____ Exercise materials
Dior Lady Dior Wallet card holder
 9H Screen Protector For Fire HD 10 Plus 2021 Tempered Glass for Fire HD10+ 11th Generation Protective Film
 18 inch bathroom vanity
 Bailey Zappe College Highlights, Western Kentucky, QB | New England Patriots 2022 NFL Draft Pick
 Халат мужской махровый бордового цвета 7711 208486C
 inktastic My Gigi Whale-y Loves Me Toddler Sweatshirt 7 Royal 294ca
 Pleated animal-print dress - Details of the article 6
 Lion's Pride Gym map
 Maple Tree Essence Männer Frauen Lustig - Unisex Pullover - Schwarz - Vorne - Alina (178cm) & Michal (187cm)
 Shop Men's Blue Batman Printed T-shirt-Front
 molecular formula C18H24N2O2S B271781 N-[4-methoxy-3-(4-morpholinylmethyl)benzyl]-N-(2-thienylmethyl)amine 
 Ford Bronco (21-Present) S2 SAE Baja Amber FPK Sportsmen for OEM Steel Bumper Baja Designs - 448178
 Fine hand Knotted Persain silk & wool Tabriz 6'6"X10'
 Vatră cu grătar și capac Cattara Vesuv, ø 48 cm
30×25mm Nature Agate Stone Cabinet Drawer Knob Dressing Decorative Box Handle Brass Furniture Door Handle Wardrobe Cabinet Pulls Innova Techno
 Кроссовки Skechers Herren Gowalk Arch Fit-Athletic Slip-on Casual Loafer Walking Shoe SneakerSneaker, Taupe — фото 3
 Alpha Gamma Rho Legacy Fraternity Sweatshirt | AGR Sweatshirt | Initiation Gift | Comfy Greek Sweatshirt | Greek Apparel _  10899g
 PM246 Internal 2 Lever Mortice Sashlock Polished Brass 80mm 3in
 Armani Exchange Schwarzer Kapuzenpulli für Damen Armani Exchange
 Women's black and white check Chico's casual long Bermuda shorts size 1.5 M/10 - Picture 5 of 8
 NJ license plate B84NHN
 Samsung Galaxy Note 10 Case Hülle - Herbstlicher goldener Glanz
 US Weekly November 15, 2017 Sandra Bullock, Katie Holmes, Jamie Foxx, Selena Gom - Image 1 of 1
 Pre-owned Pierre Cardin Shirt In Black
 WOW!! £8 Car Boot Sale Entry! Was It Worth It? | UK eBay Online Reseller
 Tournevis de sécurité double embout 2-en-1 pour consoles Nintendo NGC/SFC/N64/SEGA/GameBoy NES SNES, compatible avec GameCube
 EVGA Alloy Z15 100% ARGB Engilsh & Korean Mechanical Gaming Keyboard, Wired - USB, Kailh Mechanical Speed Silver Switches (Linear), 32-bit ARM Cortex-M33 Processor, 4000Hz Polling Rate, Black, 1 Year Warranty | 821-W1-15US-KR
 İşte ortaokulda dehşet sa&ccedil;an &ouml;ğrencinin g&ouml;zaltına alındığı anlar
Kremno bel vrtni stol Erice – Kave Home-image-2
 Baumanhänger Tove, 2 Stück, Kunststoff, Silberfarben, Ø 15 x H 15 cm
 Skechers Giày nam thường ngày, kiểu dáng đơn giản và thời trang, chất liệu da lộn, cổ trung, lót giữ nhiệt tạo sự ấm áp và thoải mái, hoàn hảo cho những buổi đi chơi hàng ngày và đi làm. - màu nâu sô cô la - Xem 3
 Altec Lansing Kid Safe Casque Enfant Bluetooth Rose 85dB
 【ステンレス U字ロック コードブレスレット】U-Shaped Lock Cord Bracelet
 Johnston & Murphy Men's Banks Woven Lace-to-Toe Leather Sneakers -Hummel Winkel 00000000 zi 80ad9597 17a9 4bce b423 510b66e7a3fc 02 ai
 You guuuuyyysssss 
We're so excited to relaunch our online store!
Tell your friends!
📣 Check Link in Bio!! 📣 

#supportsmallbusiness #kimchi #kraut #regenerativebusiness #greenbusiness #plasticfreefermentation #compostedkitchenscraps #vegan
________
Exercise aim =>
Write the listing out again, exactly as it reads.

The completed task =>
Dior Lady Dior Wallet card holder
 9H Screen Protector For Fire HD 10 Plus 2021 Tempered Glass for Fire HD10+ 11th Generation Protective Film
 18 inch bathroom vanity
 Bailey Zappe College Highlights, Western Kentucky, QB | New England Patriots 2022 NFL Draft Pick
 Халат мужской махровый бордового цвета 7711 208486C
 inktastic My Gigi Whale-y Loves Me Toddler Sweatshirt 7 Royal 294ca
 Pleated animal-print dress - Details of the article 6
 Lion's Pride Gym map
 Maple Tree Essence Männer Frauen Lustig - Unisex Pullover - Schwarz - Vorne - Alina (178cm) & Michal (187cm)
 Shop Men's Blue Batman Printed T-shirt-Front
 molecular formula C18H24N2O2S B271781 N-[4-methoxy-3-(4-morpholinylmethyl)benzyl]-N-(2-thienylmethyl)amine 
 Ford Bronco (21-Present) S2 SAE Baja Amber FPK Sportsmen for OEM Steel Bumper Baja Designs - 448178
 Fine hand Knotted Persain silk & wool Tabriz 6'6"X10'
 Vatră cu grătar și capac Cattara Vesuv, ø 48 cm
30×25mm Nature Agate Stone Cabinet Drawer Knob Dressing Decorative Box Handle Brass Furniture Door Handle Wardrobe Cabinet Pulls Innova Techno
 Кроссовки Skechers Herren Gowalk Arch Fit-Athletic Slip-on Casual Loafer Walking Shoe SneakerSneaker, Taupe — фото 3
 Alpha Gamma Rho Legacy Fraternity Sweatshirt | AGR Sweatshirt | Initiation Gift | Comfy Greek Sweatshirt | Greek Apparel _  10899g
 PM246 Internal 2 Lever Mortice Sashlock Polished Brass 80mm 3in
 Armani Exchange Schwarzer Kapuzenpulli für Damen Armani Exchange
 Women's black and white check Chico's casual long Bermuda shorts size 1.5 M/10 - Picture 5 of 8
 NJ license plate B84NHN
 Samsung Galaxy Note 10 Case Hülle - Herbstlicher goldener Glanz
 US Weekly November 15, 2017 Sandra Bullock, Katie Holmes, Jamie Foxx, Selena Gom - Image 1 of 1
 Pre-owned Pierre Cardin Shirt In Black
 WOW!! £8 Car Boot Sale Entry! Was It Worth It? | UK eBay Online Reseller
 Tournevis de sécurité double embout 2-en-1 pour consoles Nintendo NGC/SFC/N64/SEGA/GameBoy NES SNES, compatible avec GameCube
 EVGA Alloy Z15 100% ARGB Engilsh & Korean Mechanical Gaming Keyboard, Wired - USB, Kailh Mechanical Speed Silver Switches (Linear), 32-bit ARM Cortex-M33 Processor, 4000Hz Polling Rate, Black, 1 Year Warranty | 821-W1-15US-KR
 İşte ortaokulda dehşet sa&ccedil;an &ouml;ğrencinin g&ouml;zaltına alındığı anlar
Kremno bel vrtni stol Erice – Kave Home-image-2
 Baumanhänger Tove, 2 Stück, Kunststoff, Silberfarben, Ø 15 x H 15 cm
 Skechers Giày nam thường ngày, kiểu dáng đơn giản và thời trang, chất liệu da lộn, cổ trung, lót giữ nhiệt tạo sự ấm áp và thoải mái, hoàn hảo cho những buổi đi chơi hàng ngày và đi làm. - màu nâu sô cô la - Xem 3
 Altec Lansing Kid Safe Casque Enfant Bluetooth Rose 85dB
 【ステンレス U字ロック コードブレスレット】U-Shaped Lock Cord Bracelet
 Johnston & Murphy Men's Banks Woven Lace-to-Toe Leather Sneakers -Hummel Winkel 00000000 zi 80ad9597 17a9 4bce b423 510b66e7a3fc 02 ai
 You guuuuyyysssss 
We're so excited to relaunch our online store!
Tell your friends!
📣 Check Link in Bio!! 📣 

#supportsmallbusiness #kimchi #kraut #regenerativebusiness #greenbusiness #plasticfreefermentation #compostedkitchenscraps #vegan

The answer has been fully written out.